Cell viability of KB cells after preincubation with different TTP-loaded NPs for the indicated times and subsequent irradiation with visible light (338 kJ/m2). (A) AcDex(TPP) and SpAcDex(TPP) NPs. (B) SpAcDex(TPP) NPs with and without competition of 1 mM FA. (C) SpAcDex(TPP)-FA NPs with and without competition of 1 mM FA. Data in (A) are means of 2, and data in (B,C) are of 3-6 independent experiments + SD. AcDex(TPP) NPs show no phototoxic effects, whereas SpAcDex(TPP) NPs are highly phototoxic. SpAcDex(TPP)-FA NPs are somewhat less phototoxic, but their photoxicity—in contrast to that of SpAcDex(TPP) NPs—is strongly reduced when the preincubation was carried out in the presence of 1 mM FA.

4. Conclusions

Our data indicates that it is possible to successfully encapsulate the photosensitizer TPP in biocompatible and biodegradable SpAcDex nanoparticles. The particle system stabilizes the hydrophobic drug and therefore minimizes the uncontrolled aggregation and precipitation under physiological conditions in therapeutic applications. Only under slightly acidic conditions, as can be found in endosomes and lysosomes, the acetals of the particle material are hydrolyzed, and the payload is released inside of the targeted cells. Therefore, no unspecific phototoxicity should be expected.

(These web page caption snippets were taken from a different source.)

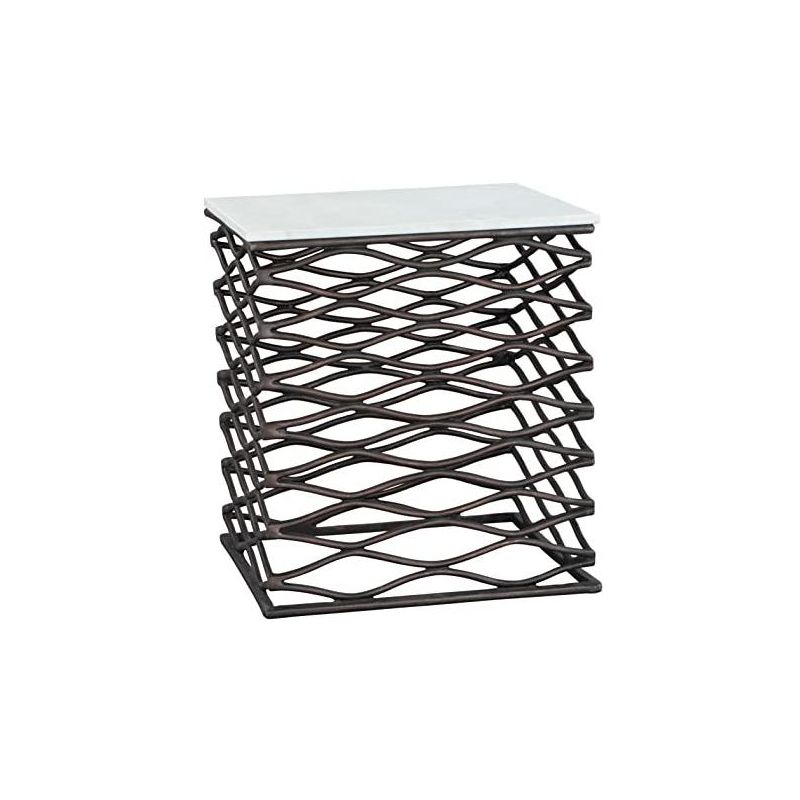 Zuo Duke Side Table White & Antique Bronze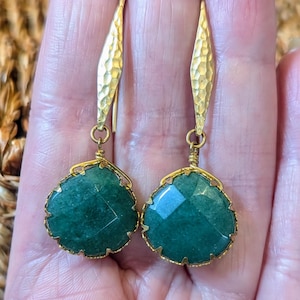 24kt Gold Plated and Natural Green Gemstone Drop Earrings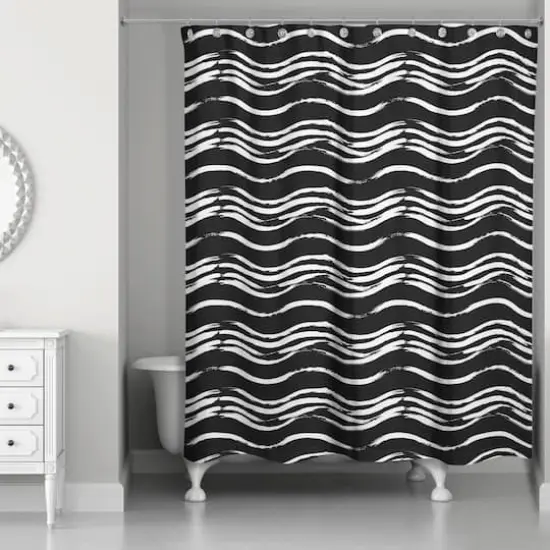 Waves Shower Curtain Black {1}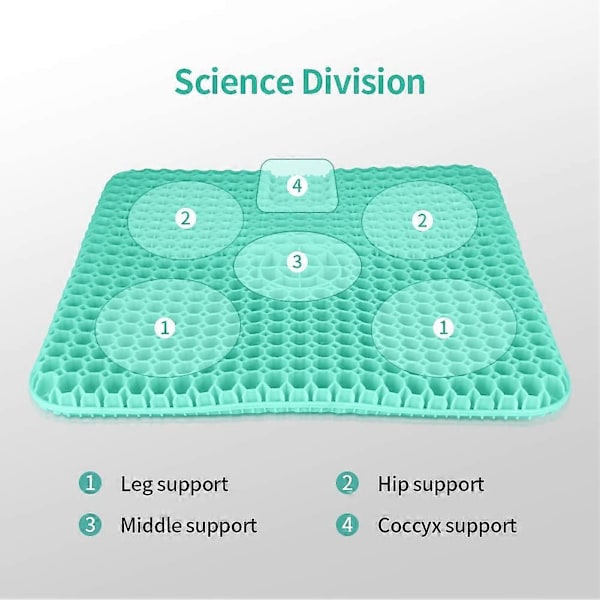 Förstorad version av honeycomb gelkudde Ergonomisk design Polymergel för att stärka stödet Lämplig för bil, kontor, familj, rullstol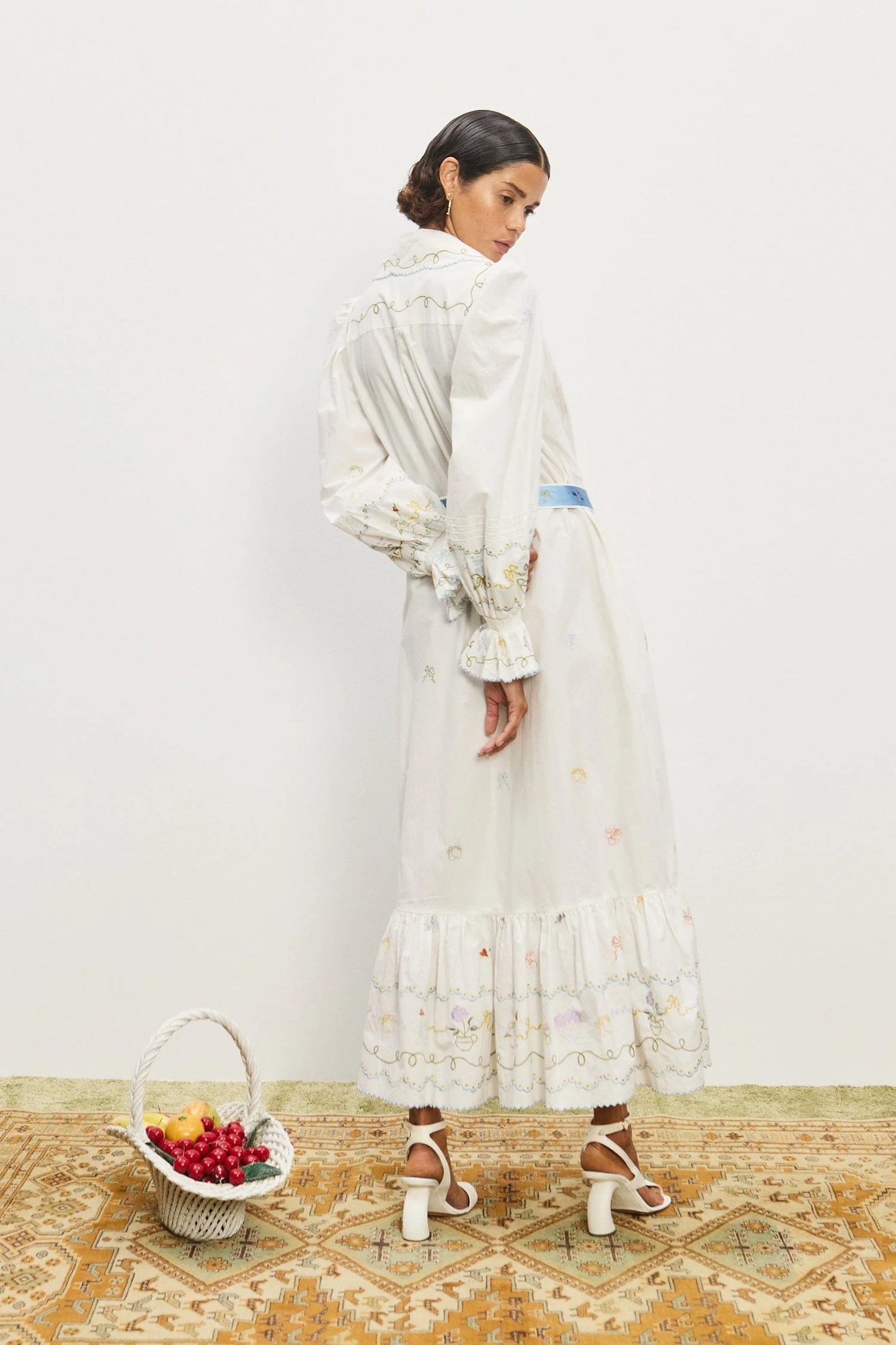 ALM Giulia Embroidered Cotton Midi Dress Shirtdress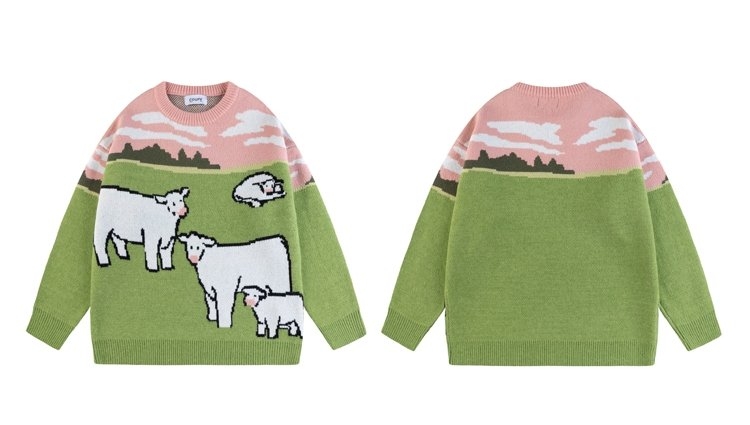 Suéter de cuello redondo suelto bordado de vaca vintage 11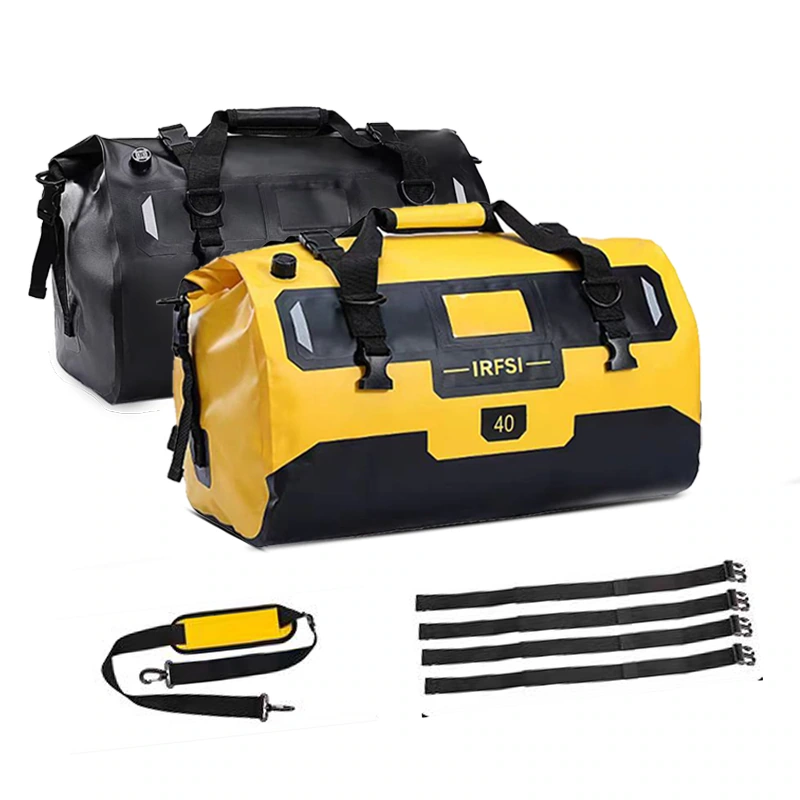 Motorcycle travel bag product picture: Product overview: two colors and straps displayed at the same time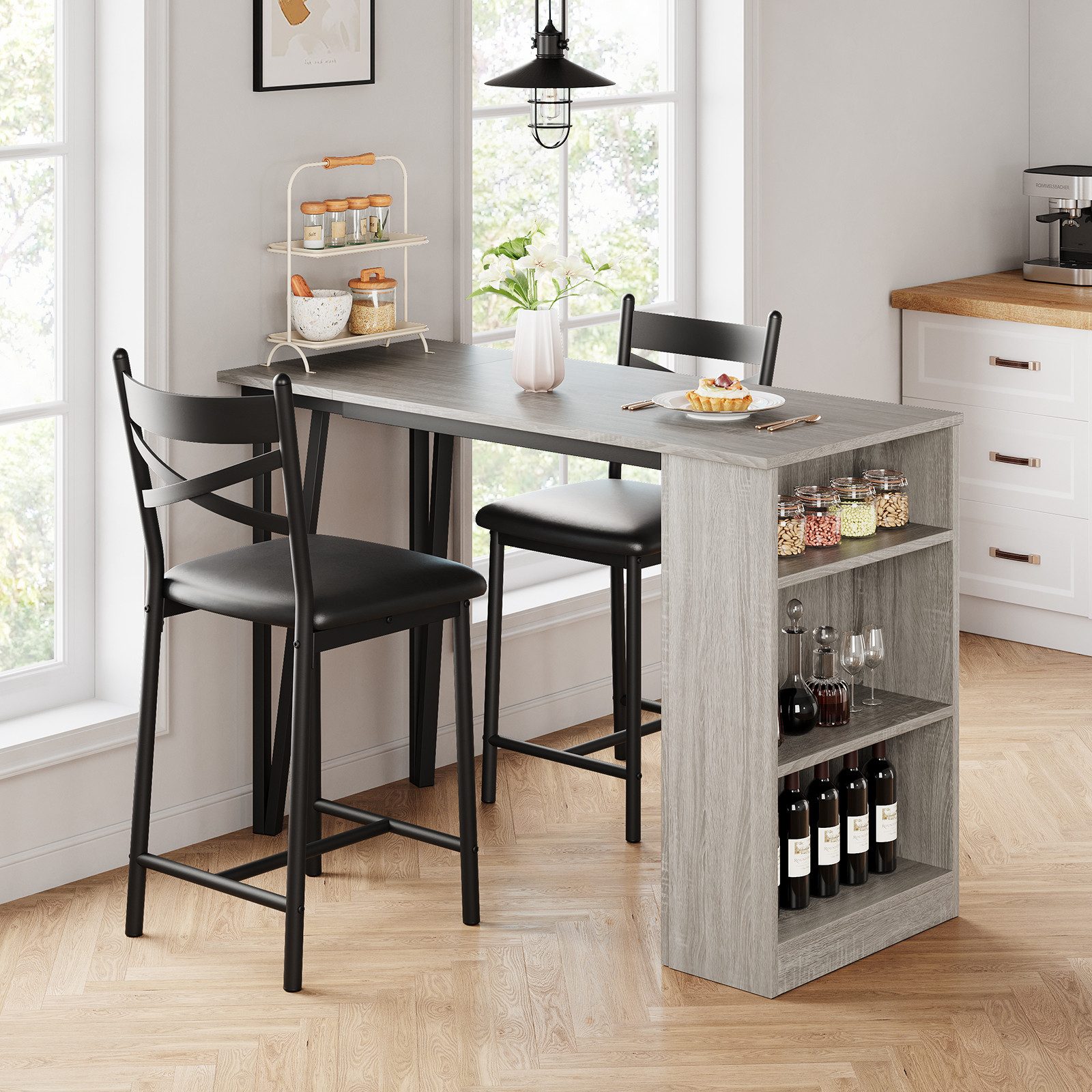 GarveeMore Essgruppe Esstisch Klappbar mit 2 Stühlen für Küche & Esszimmer, Bartisch,Ktichen Tisch mit 2 Gepolsterter Sitz und 3 Ablagen – Bild 4 von 5
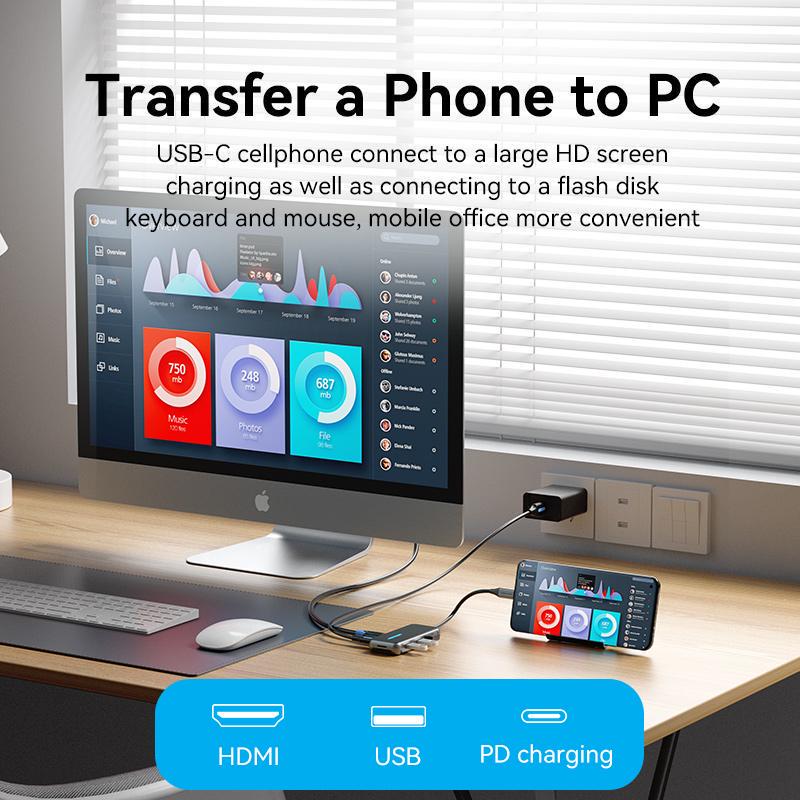 USB-хаб Vention Type-C-3x USB 3.0/5 Гбит/с HDMI 4K 60Hz/Type-C PD 100W/SD/TF карты RJ45 1 Гбит/с 3,5 мм minijack USB-C Черный (TFLHB) - фото 12 USB-хаб Vention Type-C-3x USB 3.0/5 Гбит/с HDMI 4K 60Hz/Type-C PD 100W/SD/TF карты RJ45 1 Гбит/с 3,5 мм minijack USB-C Черный (TFLHB) - фото 12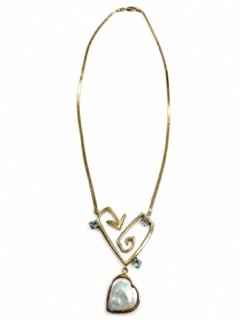 14k Yellow pearl and blue topaz necklace: Handcrafted designer necklace 18" with pearl & blue topaz (weight 14.23dwt )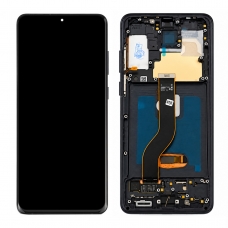 Pantalla completa con marco para Samsung Galaxy S20 Plus G985 G986 negra original(Assembled)
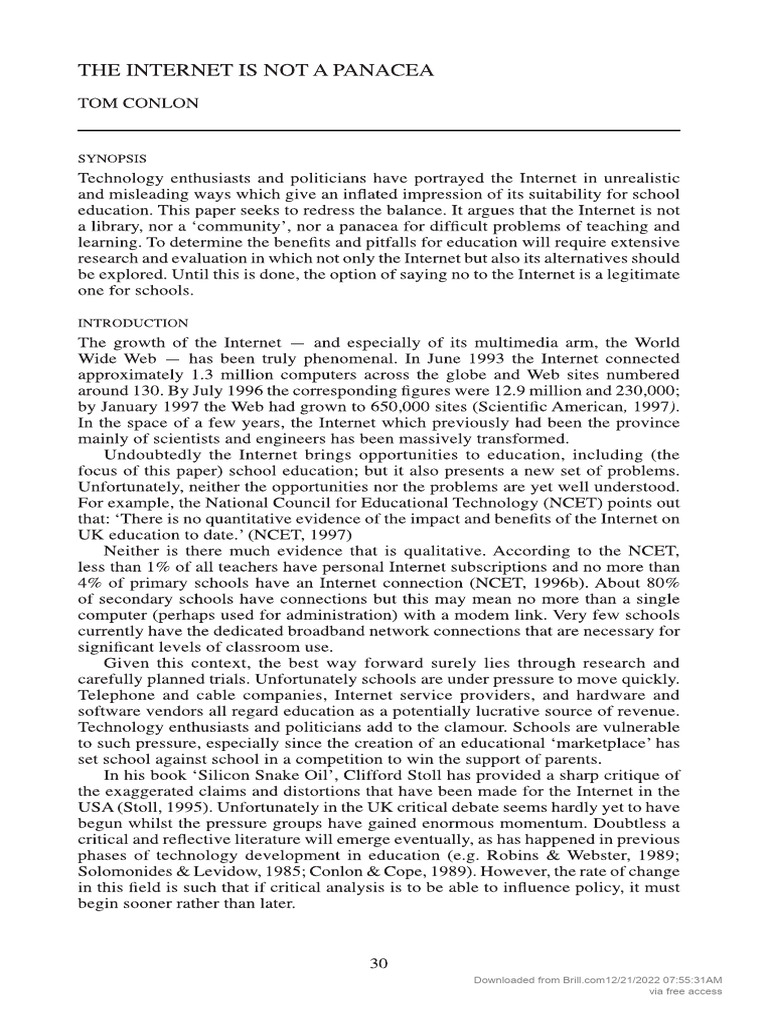 The Internet's Role in Education Critique | PDF | Internet | World Wide Web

The findings extend the areas of possible applications in photodynamic therapy beyond local irradiation. We were able to show that NPs with FA on the surface are taken up by cells through FRα-mediated endocytosis. This specific uptake can potentially be exploited for the selective elimination of cancer cells with FRα overexpression, reducing the overall side effects of radiation. This active targeting of our nanoparticles can further benefit from the overall higher passive accumulation in tumor tissue due to the EPR effect [22,23].

The high phototoxic potential needs to be verified for in vivo conditions. For these experiments, NPs with a PEG-layer and FA attached on the surface should be favorable because of the longer circulation time based on the PEG induced stealth effect. This should increase the contribution of the EPR effect and the active targeting, resulting in therapeutic NPs with low side effects in photodynamic chemotherapy.